Location is probably the biggest factor when choosing a college, and choosing a college with a physical therapy degree program is somewhat more complicated, as admission policies will limit the universities available to the student. Make sure when you check out local colleges that there is a degree program you can get into, and that the program follows your career path.


Measurement ➣

Duration is a measurement of how long it takes to procure a degree in physical therapy. If you are trying to get a master’s year degree in two years, some programs offer accelerated degree programs for specialty majors such as physical therapy. A Master’s degree program can also be flexible if the student will commit to a Bachelor’s plus 1 program, where the coursework is geared specifically towards physical therapy.


Duration ➣

Some people prefer to remain at one university for the entire duration of their degree paths. This can include Bachelor’s, Masters and even Doctorate degrees. Make sure the school you choose has all of the requisite degree pathways available. This is a great idea if you are going to school close to home, and it beats moving out of an apartment every couple of years. Going to a local university saves you money in both the short term and long term.


flexibility ➣

As a rule, most students work while they are in college. As the collegiate population ages, more students are working on degrees from a part-time position while working full time. Finding a degree program that provides enough flexibility in scheduling is key to being successful in completing a degree program. Class availability for non-traditional students is something else to look for when choosing a physical therapy program.

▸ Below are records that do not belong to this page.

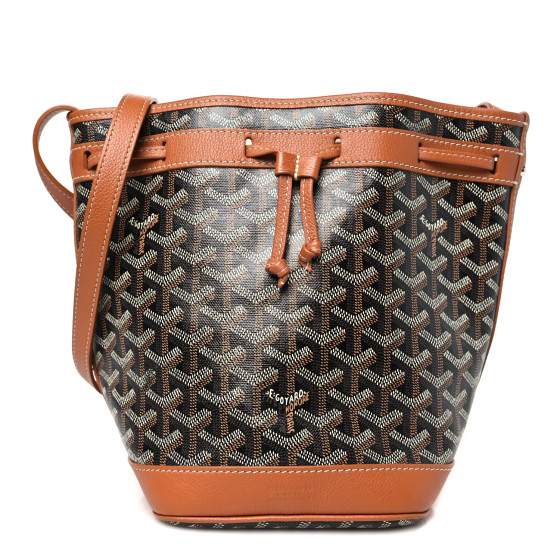 Goyard Goyardine Petit Flot Bucket Bag PM Black Gold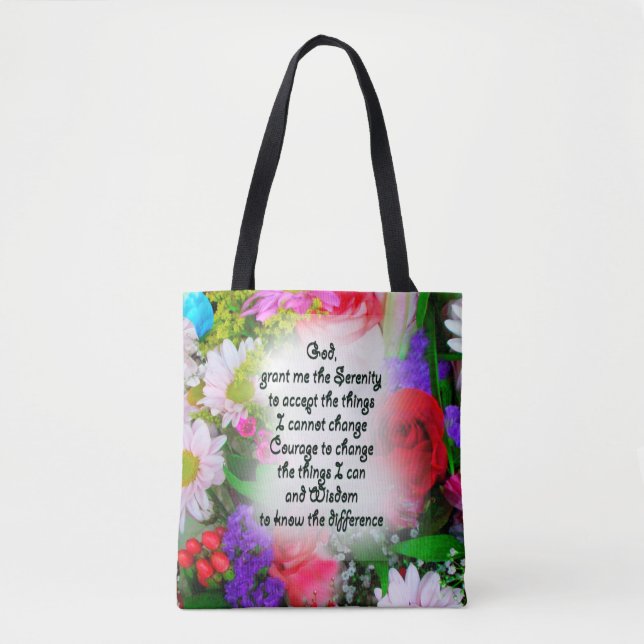 Gebete der Stille im Zentrum von Bouquet Tasche (Vorderseite)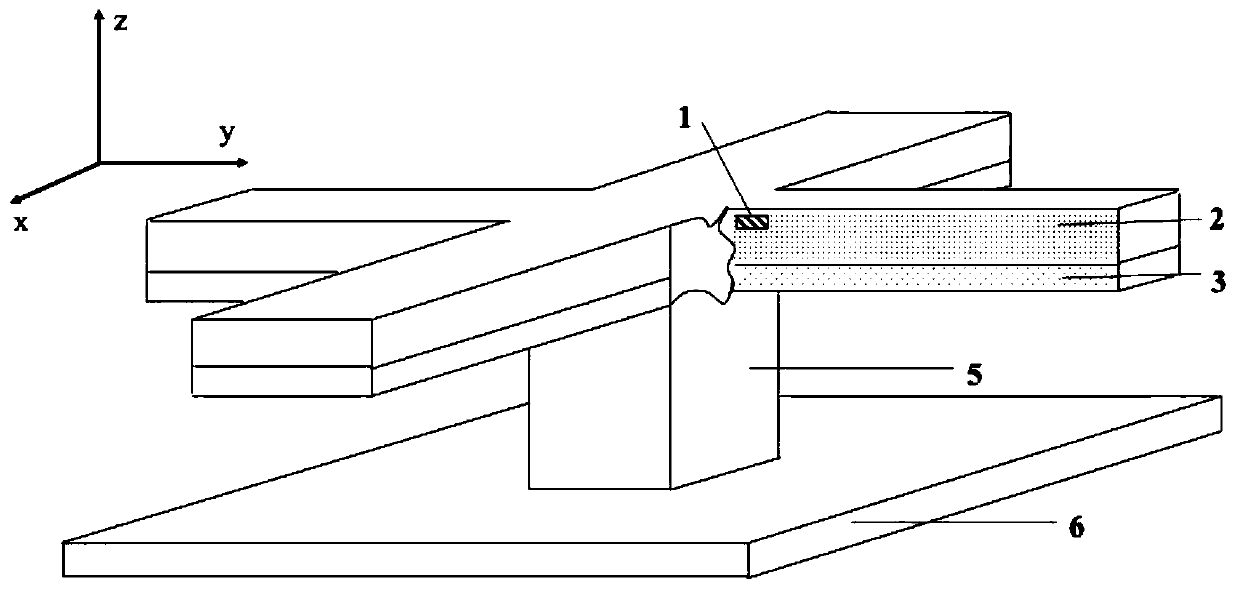 High-sensitivity miniature electric field sensing device with cantilever beam structure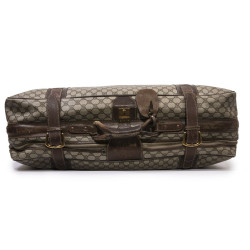 Valise souple GUCCI  toile enduite monogram Vintage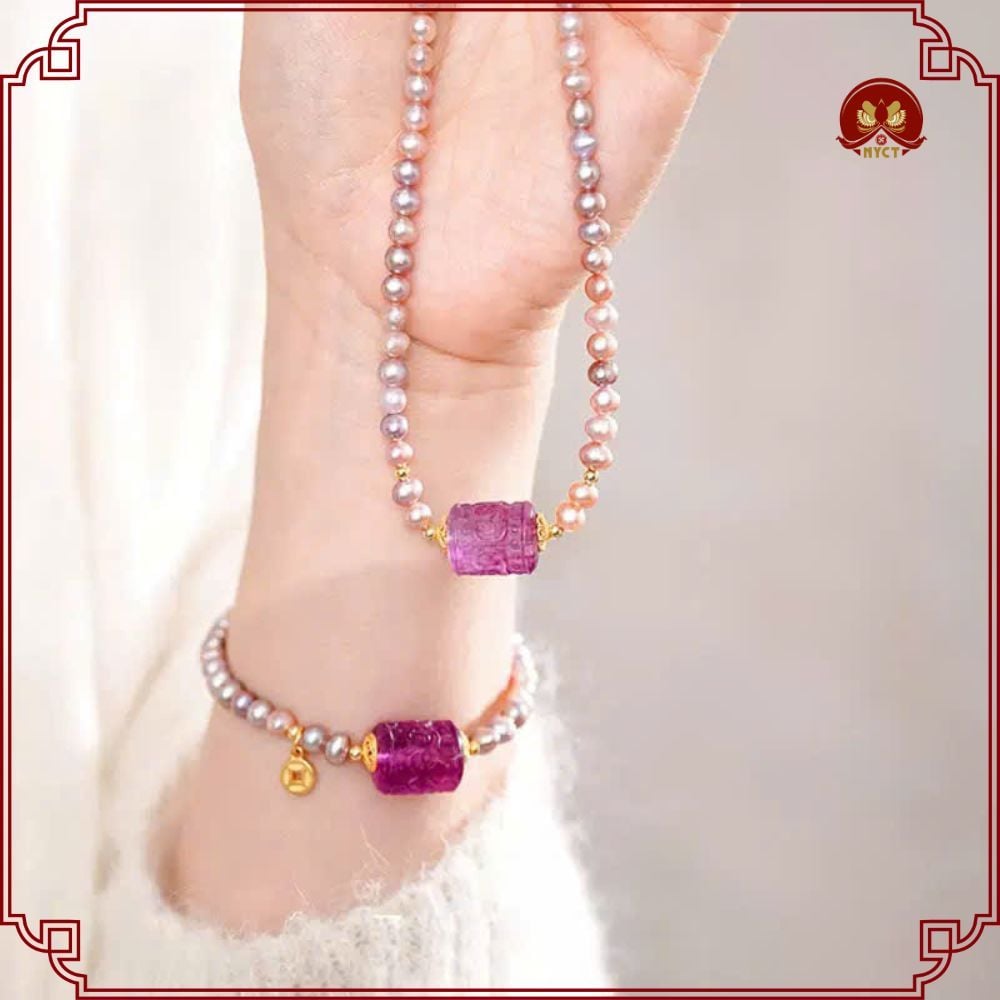 Vòng Tay Ngọc Trai Tự Nhiên - BST Trang Sức Nữ Lễ Hội - Ảnh 5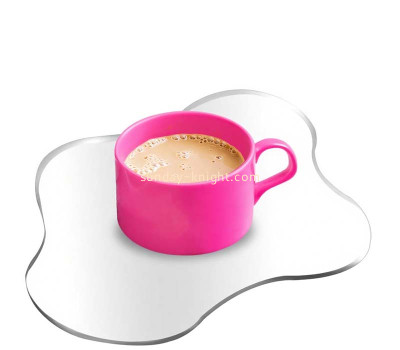 Custom acrylic irregular coffee cup coaster FSK-279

Once you have winnowed out the bad schools and found universities that correspond to your needs based on the data above, it is time to go out and apply to these universities for admission. Make sure you have picked two or three programs that fit what you need, just in case you do not get accepted at the one you want. University physical therapy programs are fairly competitive and having a plan before you begin the application process is always a good idea. Once you get accepted into the program of your choice, you will be thankful you took the time to think of all of the options.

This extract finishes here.